3. Comparaisons internationales : « la France dans une mauvaise moyenne »

Le risque lié à l'amiante a été sous-estimé davantage dans certains pays que dans d'autres.

Le professeur Got, de ce point de vue, tend à relativiser l'attitude de la France : « On n'a pas été les pires ; on n'a pas été les meilleurs. Je pense que l'on se situe plutôt dans une mauvaise moyenne. L'Angleterre, les États-Unis, l'Allemagne, l'Autriche, la Hollande ont mieux géré le risque amiante que nous, mais la majorité des pays dans le monde utilisent encore l'amiante ».

Il convient en effet de rappeler qu'à ce jour, dans le monde, seuls 40 pays, soit 15 en dehors de l'Union européenne, ont interdit l'utilisation de l'amiante.
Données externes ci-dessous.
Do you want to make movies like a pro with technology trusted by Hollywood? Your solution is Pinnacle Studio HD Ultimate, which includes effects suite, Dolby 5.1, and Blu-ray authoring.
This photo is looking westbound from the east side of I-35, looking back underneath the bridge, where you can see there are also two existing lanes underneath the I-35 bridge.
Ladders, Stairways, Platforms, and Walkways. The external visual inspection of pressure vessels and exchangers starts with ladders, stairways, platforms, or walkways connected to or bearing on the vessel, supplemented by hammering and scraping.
Au cours d'une récente conférence de l'Organisation internationale du travail, une campagne de sensibilisation aux dangers de l'amiante a été engagée et l'OIT a demandé à tous les gouvernements d'interdire l'utilisation de ce matériau.

Au niveau communautaire, la directive 1999/77/CE du 26 juillet 1999 interdit l'amiante dans l'ensemble des Etats membres à compter du 1 er janvier 2005. Toutefois, le Portugal n'a toujours pas transposé cette directive, et entreprendrait des démarches à Bruxelles pour obtenir une dérogation à l'interdiction sur son territoire.
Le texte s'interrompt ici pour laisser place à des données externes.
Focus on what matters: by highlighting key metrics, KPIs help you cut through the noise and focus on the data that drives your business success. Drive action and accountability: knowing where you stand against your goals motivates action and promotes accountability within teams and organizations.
En 1998, le Canada, deuxième producteur mondial d'amiante, a engagé un recours contre la décision française d'interdire l'amiante devant l'Organisation mondiale du commerce (OMC) pour violation des règles de la liberté du commerce. Au cours de son audition, M. Jacques Barrot a d'ailleurs évoqué ses souvenirs sur le différend franco-canadien occasionné par ce dossier, estimant que « le lobbying le plus important est venu des autorités canadiennes et c'est là que j'ai failli avoir des difficultés ».

La France a finalement obtenu gain de cause, après une procédure qui a duré près de trois ans. Cette mesure nationale a été reconnue comme nécessaire à la protection de la santé et de la vie des personnes, les instances juridictionnelles de l'OMC confirmant les conclusions d'un groupe spécial qui avait mis en évidence le caractère cancérogène du chrysotile, l'absence d'un seuil d'innocuité, l'importance des populations à risques, l'inefficacité de l'utilisation contrôlée et la moindre nocivité des produits de substitution.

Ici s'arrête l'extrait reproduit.